__Exercise aim__
Print everything in the records exactly. Leave the pictures out.

__Task input__
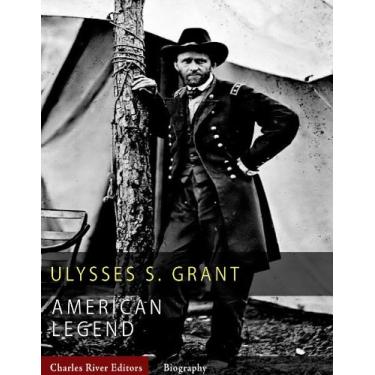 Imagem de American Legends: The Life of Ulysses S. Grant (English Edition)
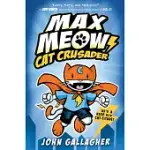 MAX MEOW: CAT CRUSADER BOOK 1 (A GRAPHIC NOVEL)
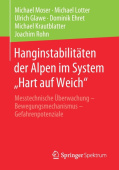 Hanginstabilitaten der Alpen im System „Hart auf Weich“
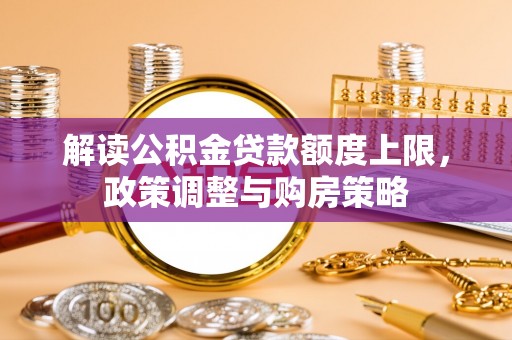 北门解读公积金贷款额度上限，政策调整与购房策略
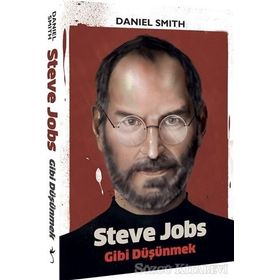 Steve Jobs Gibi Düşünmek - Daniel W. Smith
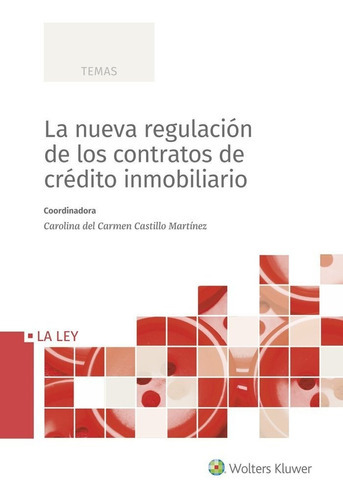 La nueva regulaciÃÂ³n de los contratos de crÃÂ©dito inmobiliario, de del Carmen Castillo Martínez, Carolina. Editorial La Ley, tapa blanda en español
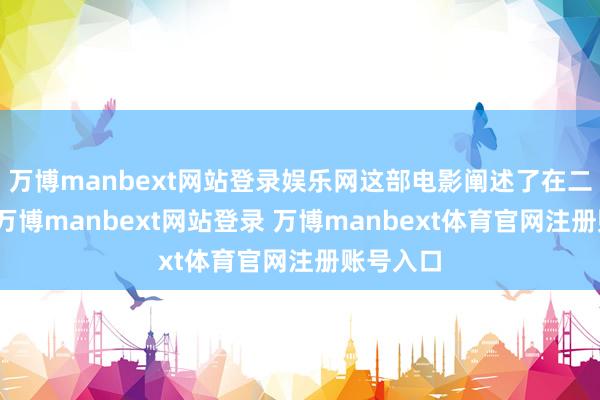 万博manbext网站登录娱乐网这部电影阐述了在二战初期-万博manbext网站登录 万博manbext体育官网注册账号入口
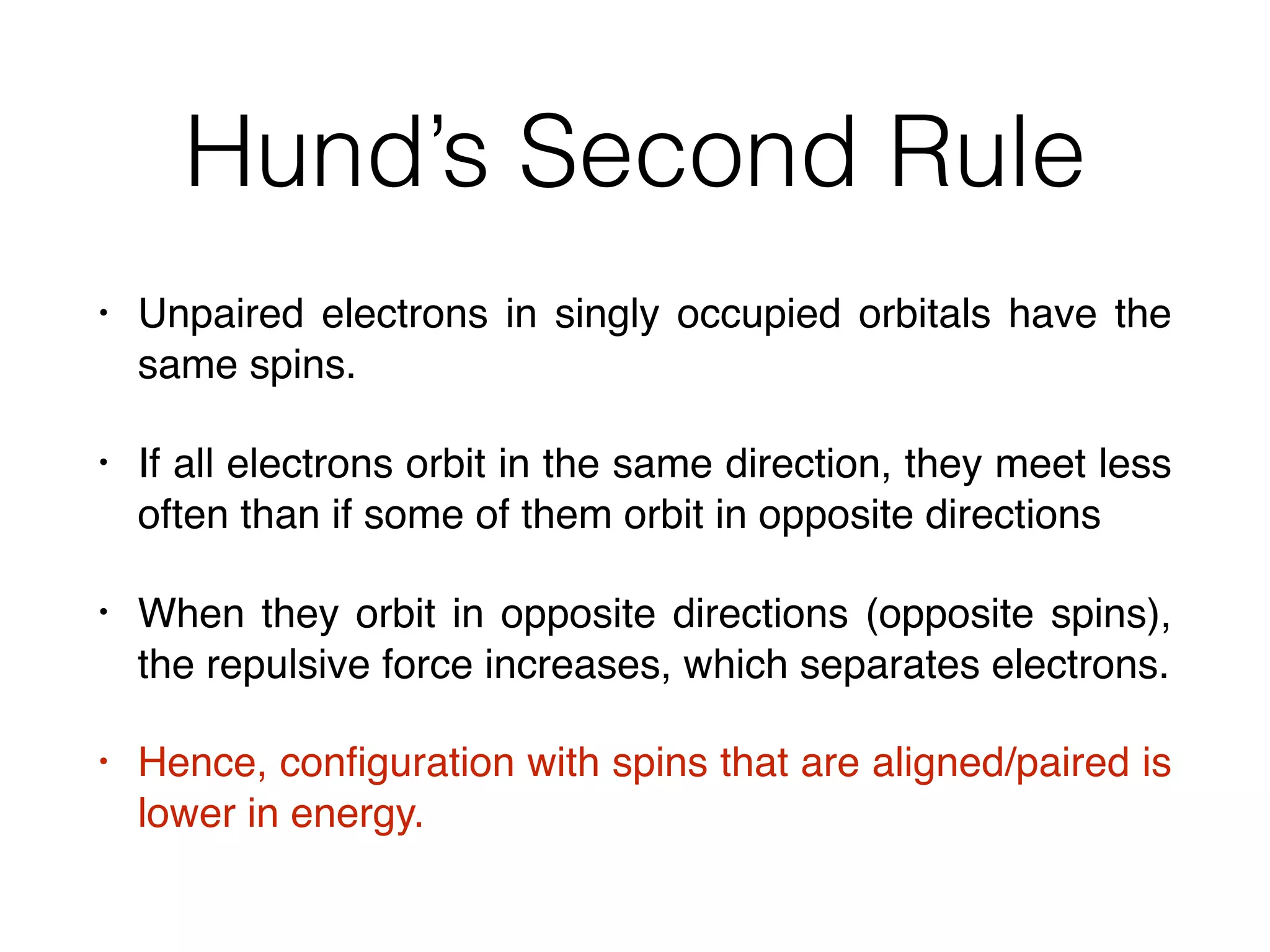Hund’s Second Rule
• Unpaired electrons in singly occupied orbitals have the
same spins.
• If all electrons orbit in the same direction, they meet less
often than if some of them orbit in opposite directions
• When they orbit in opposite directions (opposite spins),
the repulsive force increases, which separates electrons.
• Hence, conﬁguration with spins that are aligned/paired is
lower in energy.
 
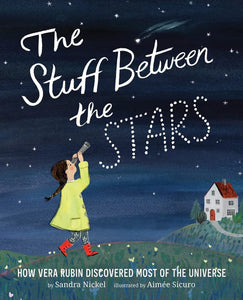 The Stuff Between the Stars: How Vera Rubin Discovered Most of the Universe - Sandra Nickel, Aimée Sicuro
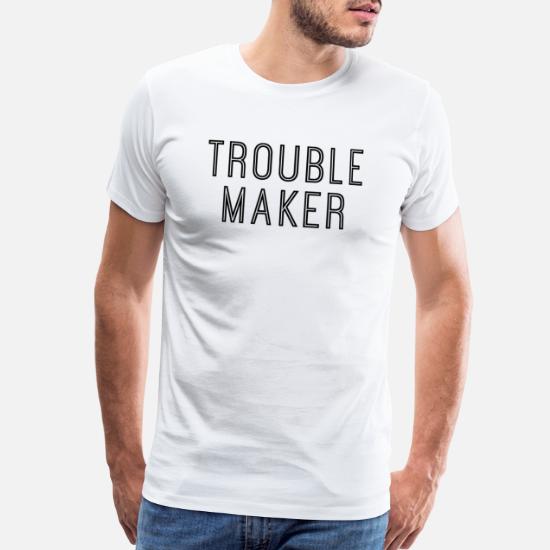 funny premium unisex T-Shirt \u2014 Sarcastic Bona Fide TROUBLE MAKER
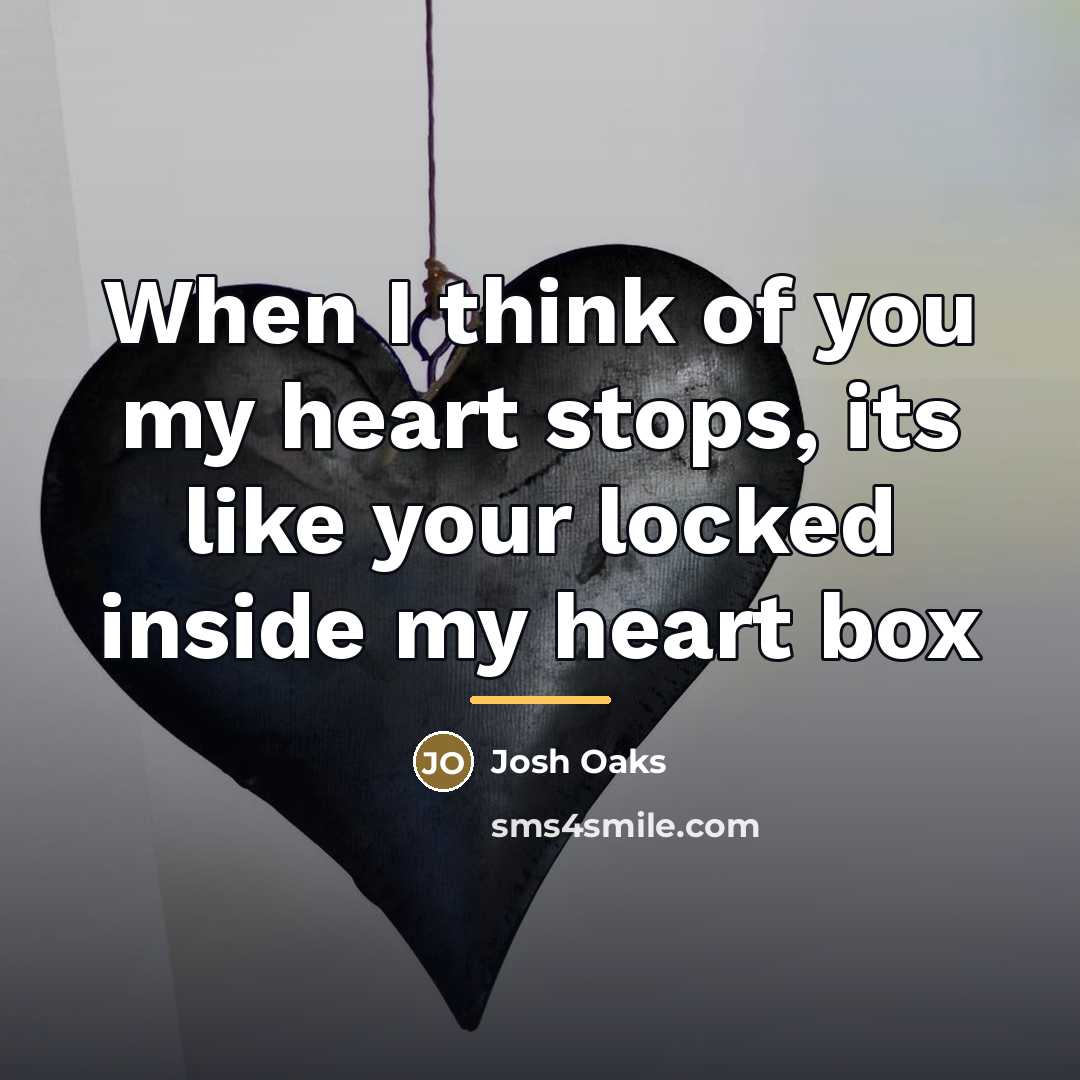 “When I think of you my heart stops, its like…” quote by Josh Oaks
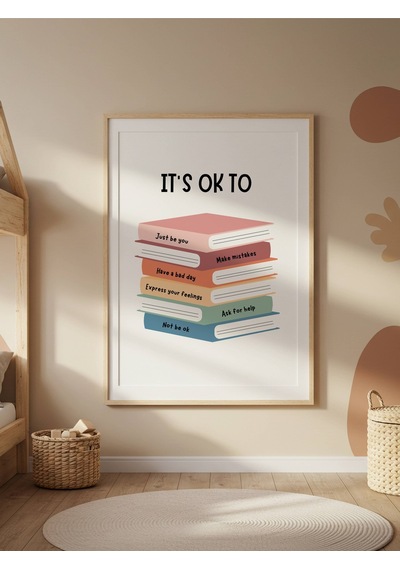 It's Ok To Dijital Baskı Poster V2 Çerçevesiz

__Written solution__
 Imagem de American Legends: The Life of Ulysses S. Grant (English Edition)
 MAX MEOW: CAT CRUSADER BOOK 1 (A GRAPHIC NOVEL)
 Hanginstabilitaten der Alpen im System „Hart auf Weich“
 北门解读公积金贷款额度上限，政策调整与购房策略
 Steve Jobs Gibi Düşünmek - Daniel W. Smith
 La nueva regulaciÃÂ³n de los contratos de crÃÂ©dito inmobiliario, de del Carmen Castillo Martínez, Carolina. Editorial La Ley, tapa blanda en español
 万博manbext网站登录娱乐网这部电影阐述了在二战初期-万博manbext网站登录 万博manbext体育官网注册账号入口
Hund’s Second Rule
• Unpaired electrons in singly occupied orbitals have the
same spins.
• If all electrons orbit in the same direction, they meet less
often than if some of them orbit in opposite directions
• When they orbit in opposite directions (opposite spins),
the repulsive force increases, which separates electrons.
• Hence, conﬁguration with spins that are aligned/paired is
lower in energy.
 
 The Stuff Between the Stars: How Vera Rubin Discovered Most of the Universe - Sandra Nickel, Aimée Sicuro
 funny premium unisex T-Shirt \u2014 Sarcastic Bona Fide TROUBLE MAKER
 “When I think of you my heart stops, its like…” quote by Josh Oaks
 It's Ok To Dijital Baskı Poster V2 Çerçevesiz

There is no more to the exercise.